S.B. 132 authorizes the bank, in coordination with the comptroller, to provide for the establishment and maintenance of separate accounts or sub-accounts to be kept and held in escrow and in trust in the same manner as the fund. The bill authorizes the comptroller, pending use, to invest and reinvest the fund's money in investments authorized by law for state funds and requires earnings on such investments to be credited to the fund. The bill authorizes the bank to use money in the fund for the purposes specified by the bill and according to the procedures established by the bill. The bill limits the state's authority to take action with respect to the fund to action specified by the bill and in accordance with the resolutions of the executive director of the Texas Economic Development and Tourism Office (TEDTO) adopted under the bill's provisions.

 

S.B. 132 authorizes the bank, TEDTO, or a TEDTO successor agency to provide for the issuance, sale, and retirement of bonds, including obligations in the form of commercial paper notes, to provide funding for certain authorized economic development purposes and sets out provisions relating to those bonds, including provisions relating to the sale and issuance of bonds, agreements regarding bonds, refunding bonds, the use of bond proceeds, and the nature of the bonds as legal investments for fiduciaries and other persons.
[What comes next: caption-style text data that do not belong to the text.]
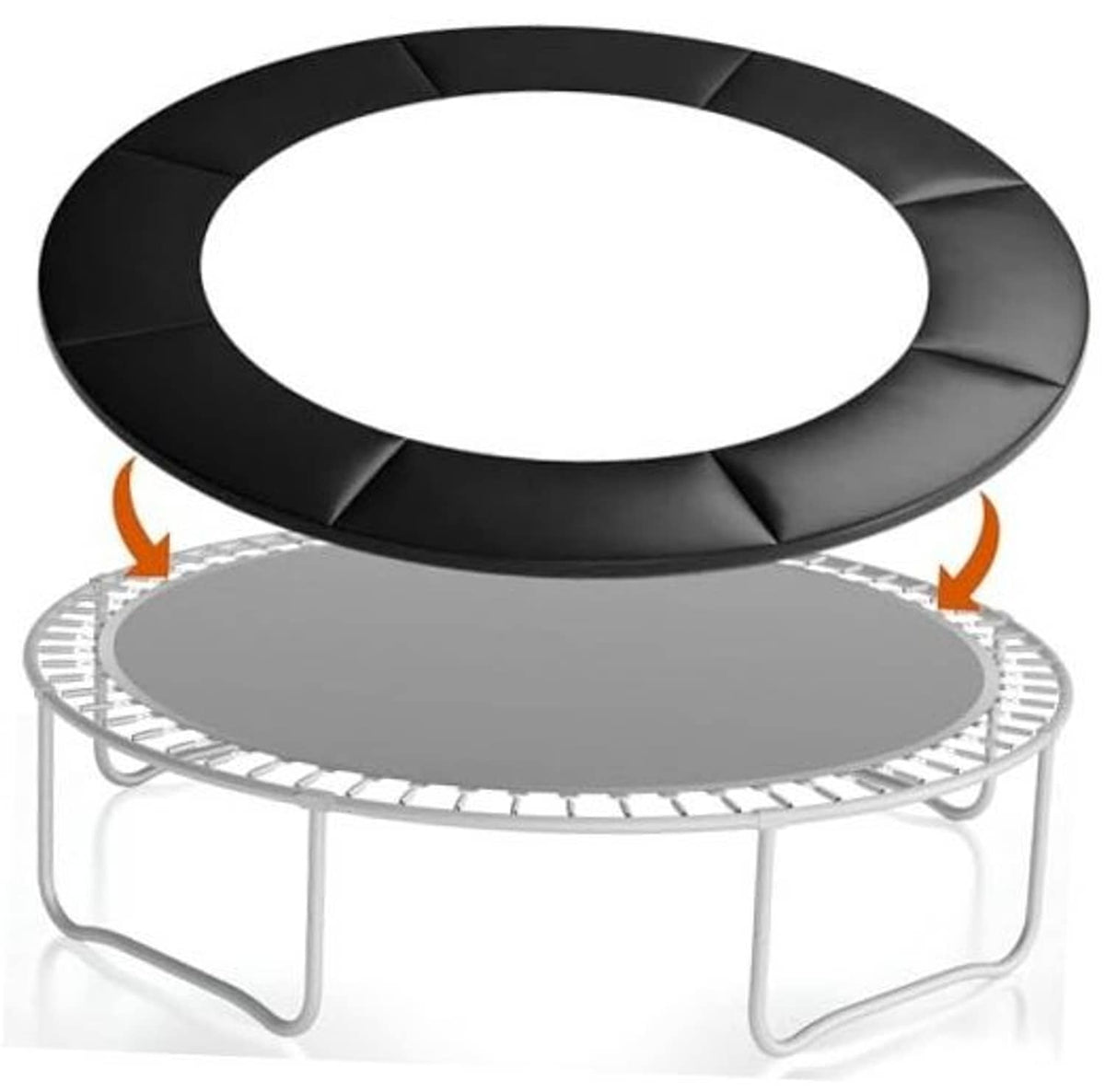 Black circular trampoline spring cover pad with fitted edge for 14 ft trampoline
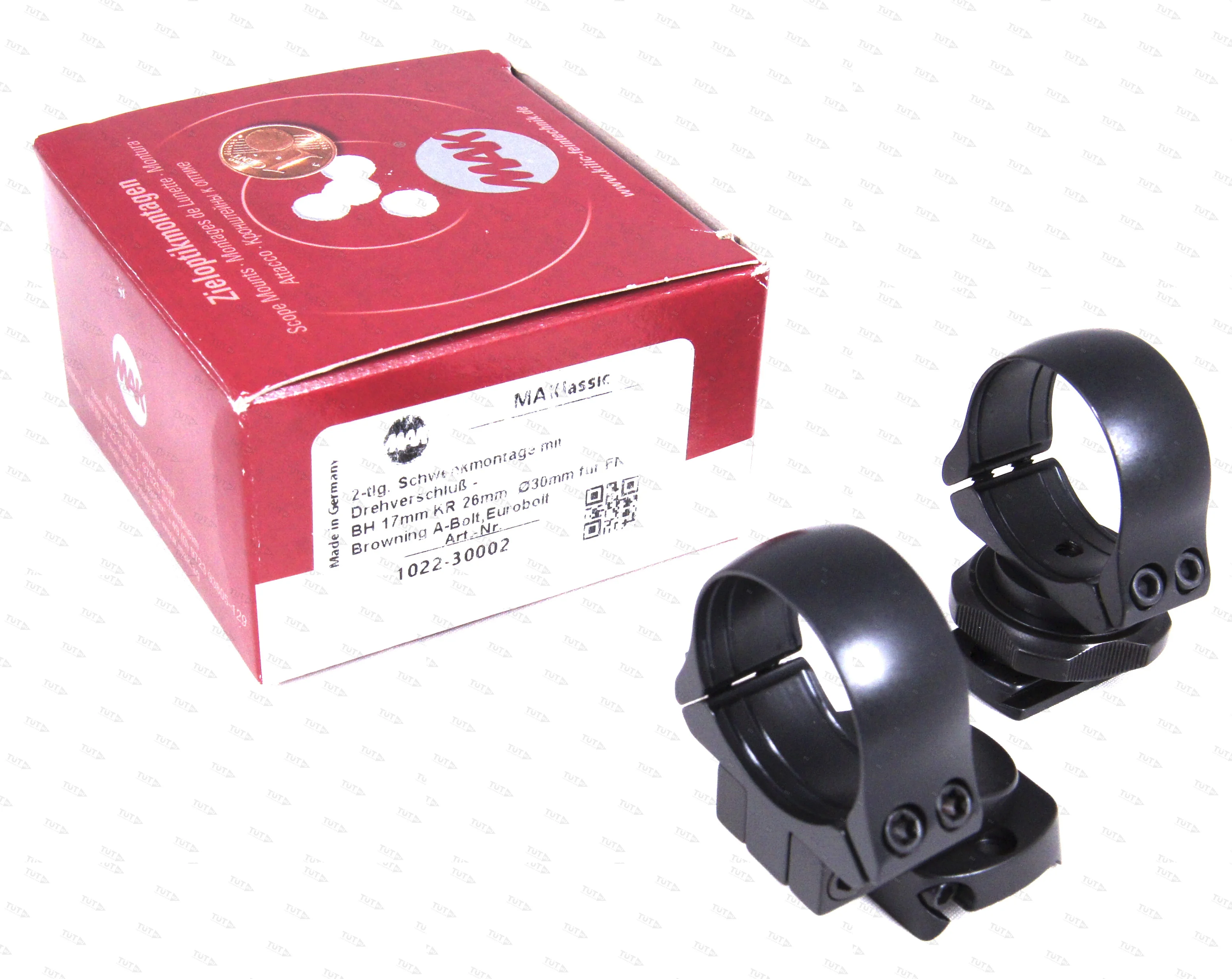 Быстросъемные поворотные кольца MAK 30мм с основаниями на Browning A-Bolt/Eurobolt KR=26мм BH=17мм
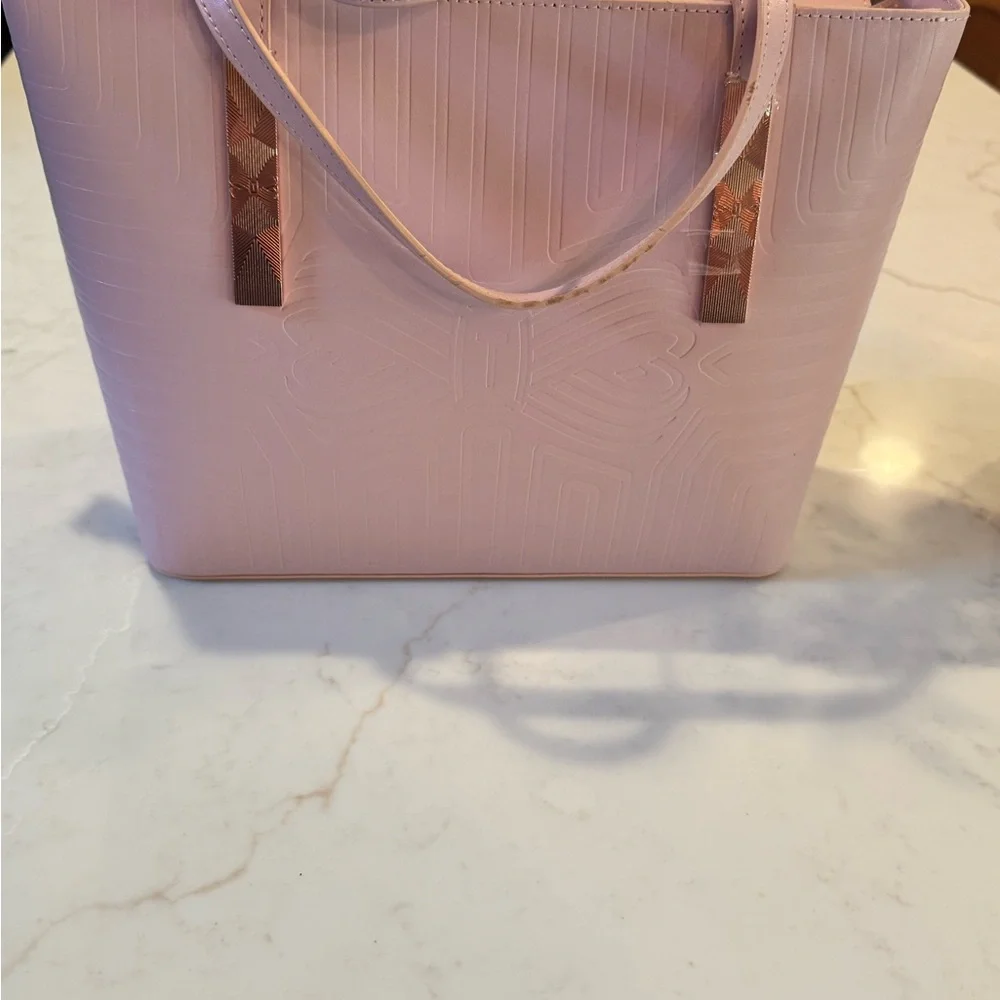 Ted Baker Pink Embossed Tote with Gold Accents
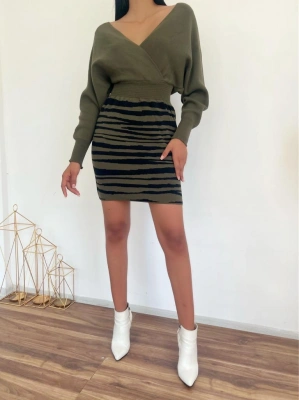 Zebra Desen Triko Elbise 841 - Haki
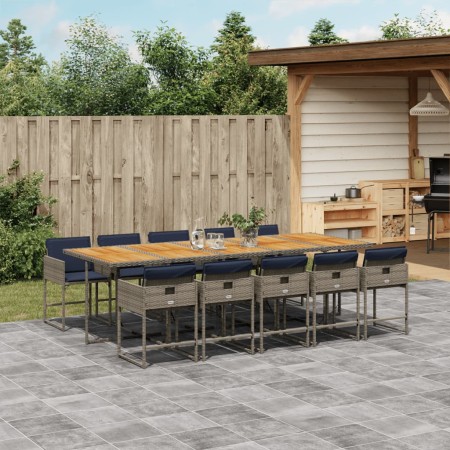 Set de comedor de jardín 11 pzas y cojines ratán sintético gris by , Garden sets - Ref: Foro24-3278068, Price: 768,83 €, Disc...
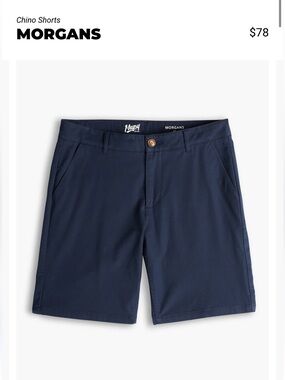 Morgans Navy Flat-Front Men's Shorts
The bill requires the bank to administer the leverage fund and grants the bank the powers necessary to carry out the purposes of the bill's provisions in the administration of the fund and those provisions.

 

S.B. 132 amends the Local Government Code to authorize a Type A or Type B development corporation to obtain a loan from the Texas leverage fund program for eligible projects as authorized by the Development Corporation Act and to pledge revenue from the sales and use tax imposed by the corporation's authorizing municipality to secure the loan.

 

S.B. 132 establishes that the Texas leverage fund program as amended by the bill authorizes the continued operation of the program established by the September 9, 1992, master resolution of the Texas Department of Commerce under certain specified provisions. The bill validates the governmental acts and proceedings of the comptroller, TEDTO, and the bank relating to the administration of the Texas leverage fund program that occurred before the bill's effective date as if the acts had occurred as authorized by law, except for an act that was a misdemeanor or felony under state law at the time the act occurred or a matter that, on the bill's effective date, has been held invalid by a final judgment of a court or is involved in litigation if the litigation ultimately results in the matter being held invalid by a final judgment of a court.

 

S.B. 132 makes the respective requirements for the comptroller, TEDTO, the Texas Economic Development Bank, and the attorney general to implement the bill's provisions contingent on specific legislative appropriations for that purpose and otherwise authorizes, but does not require, those entities to implement the bill's applicable provisions using other available appropriations.

 

EFFECTIVE DATE

 

On passage, or, if the bill does not receive the necessary vote, September 1, 2019.